As pessoas felizes não andam todos os dias de mão dada com o companheiro com um sorriso de orelha a orelha em direcção ao pôr-do-sol nem caminham diariamente com a sensação de que têm o melhor emprego do mundo. Muito menos ambicionam apagar as suas vulnerabilidades e os obstáculos que tiveram de ultrapassar.

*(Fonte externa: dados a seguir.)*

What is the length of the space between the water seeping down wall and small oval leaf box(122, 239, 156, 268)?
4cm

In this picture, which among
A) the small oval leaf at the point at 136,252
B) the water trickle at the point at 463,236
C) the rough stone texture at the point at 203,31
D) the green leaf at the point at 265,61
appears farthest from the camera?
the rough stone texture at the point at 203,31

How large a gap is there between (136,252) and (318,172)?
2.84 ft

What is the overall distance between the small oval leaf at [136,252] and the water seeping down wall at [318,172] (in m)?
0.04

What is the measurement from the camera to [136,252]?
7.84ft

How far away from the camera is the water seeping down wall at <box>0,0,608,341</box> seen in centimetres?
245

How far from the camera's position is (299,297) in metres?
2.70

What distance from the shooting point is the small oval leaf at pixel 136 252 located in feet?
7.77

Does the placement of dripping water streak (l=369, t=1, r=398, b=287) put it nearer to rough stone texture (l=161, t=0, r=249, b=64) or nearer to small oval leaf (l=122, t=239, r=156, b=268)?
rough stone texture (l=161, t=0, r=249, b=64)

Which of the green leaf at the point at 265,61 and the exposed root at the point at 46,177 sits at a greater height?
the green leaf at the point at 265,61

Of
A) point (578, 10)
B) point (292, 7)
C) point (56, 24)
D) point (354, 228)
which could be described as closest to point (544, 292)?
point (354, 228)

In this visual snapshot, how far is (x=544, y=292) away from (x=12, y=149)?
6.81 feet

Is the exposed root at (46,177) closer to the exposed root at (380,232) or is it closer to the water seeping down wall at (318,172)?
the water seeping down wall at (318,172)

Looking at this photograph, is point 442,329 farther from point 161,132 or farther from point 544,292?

Enquanto humanos temos a capacidade de gerir as nossas memórias afectivas de modo a que estas não nos impeçam de continuar a sonhar, de continuar a lutar por determinados objectivos mas isso não passa por apagar o nosso passado. Na verdade, algo está muito errado quando alguém reprime as suas memórias mais negativas.
Por exemplo, é normal que uma criança que é vítima de abusos sexuais por parte do pai reprima a sua tristeza – esse é um mecanismo de defesa que lhe permite sobreviver. Afastar os pensamentos mais negativos é, neste caso, uma importante estratégia de sobrevivência. Mas este mecanismo torna-se disfuncional a partir do momento em que, na idade adulta, impede aquela pessoa de se conhecer a si mesma e de se relacionar afectivamente com outras pessoas.
Esperar que a vida nos presenteie com um final feliz, sem medos nem preocupações, como se estes pudessem ser colocados numa caixa fechada a sete chaves não é só utópico, é perigoso na medida em que pode impedir-nos de apreciar o lado mais positivo da vida e das relações afectivas. Afinal, aqueles que se sentem felizes e realizados também experimentam dor, tristeza e mágoa.
Cada pessoa que passa por um processo terapêutico evolui de maneira diferente. Sentirmo-nos curados de uma depressão ou de qualquer outra perturbação emocional não acontece de forma mágica nem instantânea. Em muitos casos é preciso atravessar diferentes etapas, algumas marcadas pela dor, outras em que a sensação de perda é mais evidente. Quando o paciente encontra um terapeuta com quem se sente conectado é mais fácil expressar e gerir as emoções, mesmo as mais negativas, e elevar as expectativas. O pânico e a depressão não dão lugar à euforia permanente mas antes à calma. Esta serenidade até pode ser pontualmente abalada por medos e mágoas mas a pessoa aprende a gerir o desconforto de forma célere e eficaz.